Finding the right MS medication changed Cherie Binns’ life. Now she helps others live better with MS.
By Brian P. Dunleavy
Last Updated: 7/12/2019
It took Cherie C. Binns, RN, 19 years of otherwise unexplained symptoms get a proper diagnosis of relapsing-remitting multiple sclerosis (RRMS), and an additional 9 years for her and her doctors to find a treatment that helped reduce the frequency and severity of her relapses.
And because of that, the condition took from her two things in life she loved: her work as a nurse and her music. She was a guitarist, flutist, and vocalist who specialized in liturgical music.
Still, “I love life,” says the married mother of two adult children who lives in Rhode Island. “I love my family, and I love the thought of the adventure of life ahead. I feel that now I am physically able to do some of the things my husband and I didn’t do in our forties and fifties. It’s been quite a change.”
Binns, now in her mid-sixties, credits her family, her work, and her faith with helping her reverse what she describes as the “deconditioning that comes with having a chronic disease.”
The Long Journey to an MS Diagnosis
Binns’s journey to a multiple sclerosis diagnosis began with symptoms resembling those of optic neuritis in her left eye and periods of left-side weakness. She would experience these symptoms once or twice a year for days or even weeks at a time before she saw an ophthalmologist in 1994 who sent her to a neurologist who confirmed her MS. By then, she had lost much of the sight in her left eye.

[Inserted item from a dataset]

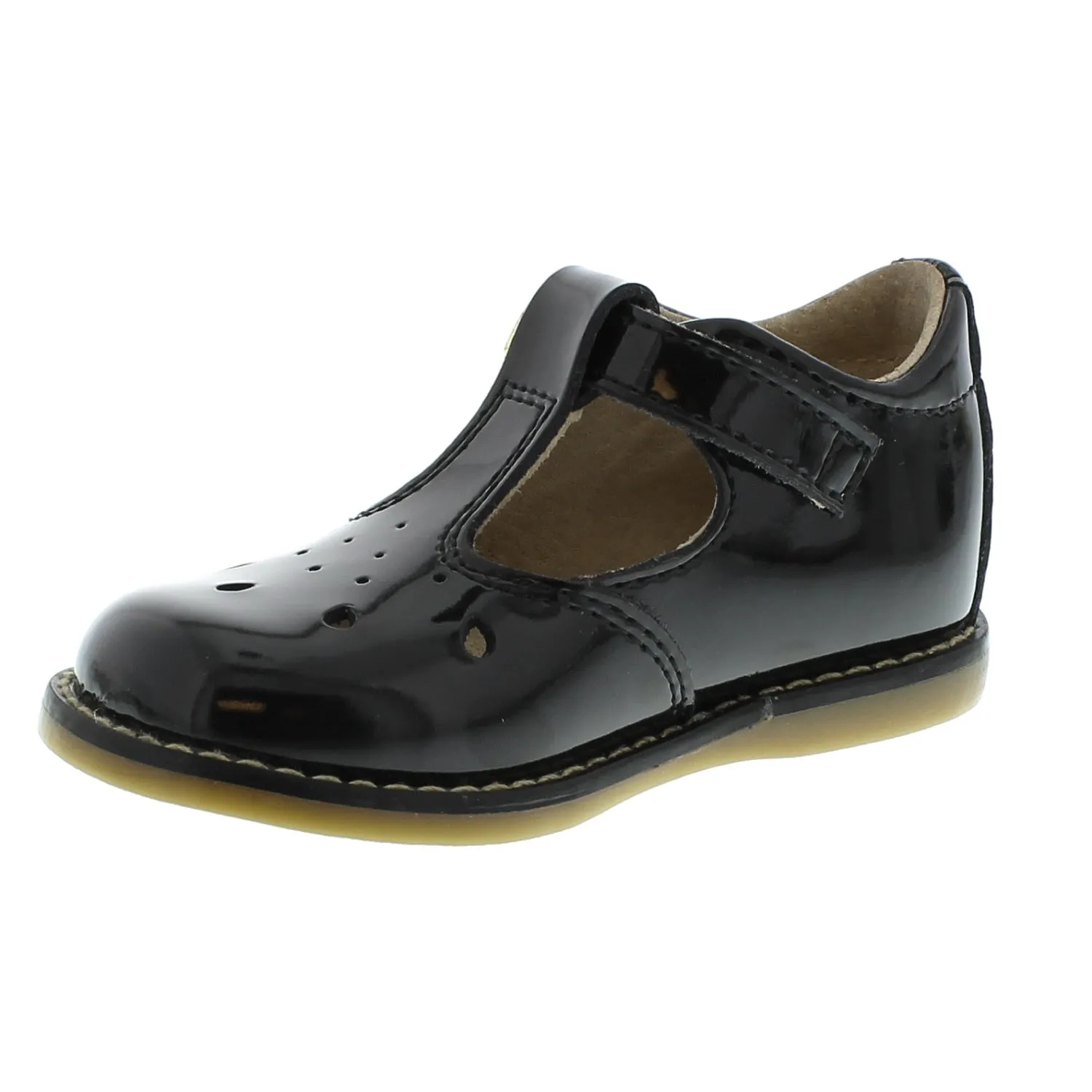 HARPER - 7202 - Black Patent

“I kept being told my symptoms didn’t really make much sense, and much of that time I didn’t have health insurance, and so doctors were hesitant to perform tests we couldn’t afford,” she says. “It was very frustrating, because I knew my body, and I didn’t feel like I was being taken seriously.”
Even after learning for sure that RRMS was the cause of her symptoms, Binns and her care team struggled to find a treatment that worked for her.
As a result, in 1996, she was forced to stop working as a nurse because her symptoms made working with the patients in her care too difficult.
“I had experienced several falls while out in the field, at clients’ houses,” she recalls of her home care case-management position. “A lot of my clients lived in beachside cottages without insulation. It would be 80 degrees outside and 100 degrees inside, and I would literally fall out the door because I was overheated and overtired.”
It wasn’t until she was “scooter dependent,” she says, that she finally began a disease-modifying therapy for MS. This came about when she transferred her care from a local neurologist to an MS specialist.